Outstanding color in the fresco of The Last Supper
Truly a wonderful experience. No crowds, original undisturbed masterwork. See some of these photos here to see just how great.
Yet another great Last Supper fresco with a handful of other great artworks.
Stunning remains of medieval refectory with beautiful frescoes and paints. Here you are going to observe huge fresco of "The Last Supper".

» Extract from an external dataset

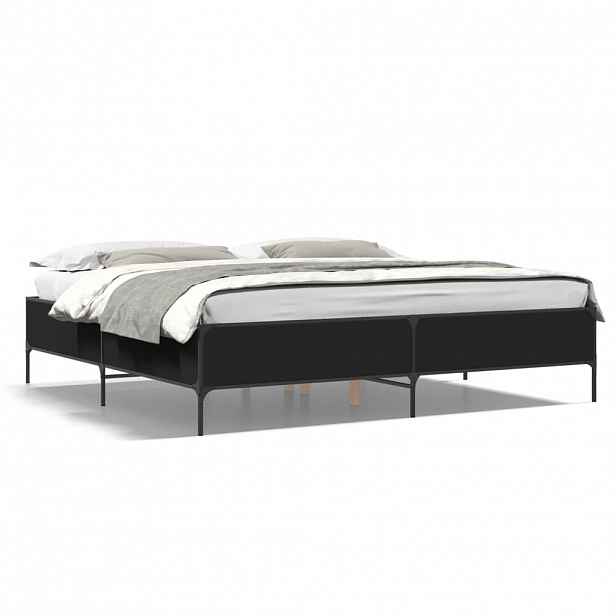 vidaXL Rám postele černý 180 x 200 cm kompozitní dřevo a kov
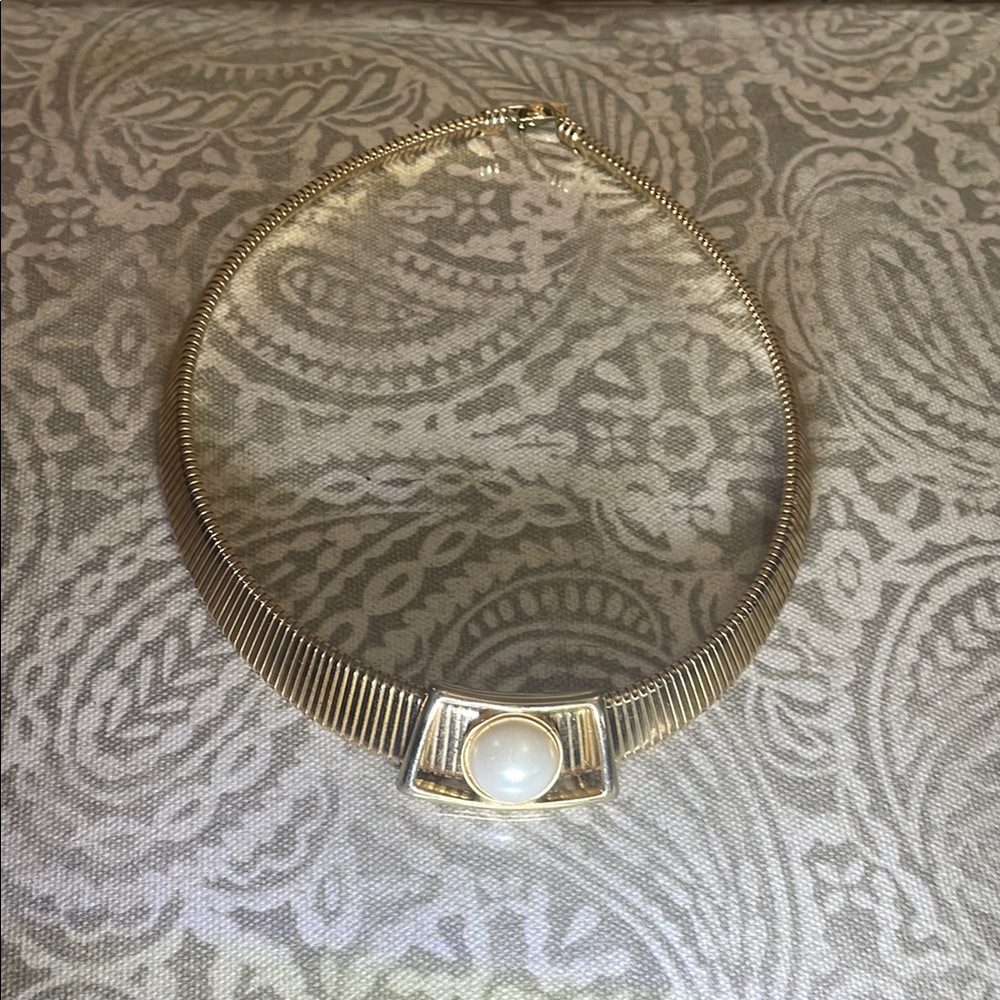 VTG MCM Park Lane Signed Gold‎ Tone Chain Choker Necklace Faux Pearl Slide 17”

This is located in the remnants of the former Benedictine Convent of Sant'Apollonia, founded in 1339. There is a small museum with paintings by Neri di Bicci, Paolo Schiavo and Andrea del Castagno. It was del Castagno's fresco of the "Last Supper" (1447) that we were there to see. It is stunning and so beautifully preserved. Above is the accompanying "Crucifixion, Deposition and Resurrection" which is not well-preserved. The work was unknown for a long time because the nuns were very reclusive. No one knew it was there. Vasari didn't know about it in the 17th century and it is unknown if Michelangelo knew of it or saw it. It was only rediscovered in 1891. In 1961 when it was removed from the wall for preservation the sinopie (under-drawing outlining the composition) was discovered underneath. In the "Last Supper" figures are life-size (the fresco measures almost 10 metres in length and 4.5 metres high) and very expressive. The use of perspective and foreshortening together with the setting of the table under a loggia lend a 3-dimensional feeling to the work. Other works and sinopie by del Castagno were also on display in the cenacolo. There were a couple of other people who came in whilst we were there. We basically had it to ourselves. There was no entry fee. How amazing it is to be able to pop in through a nondescript door and see such treasures.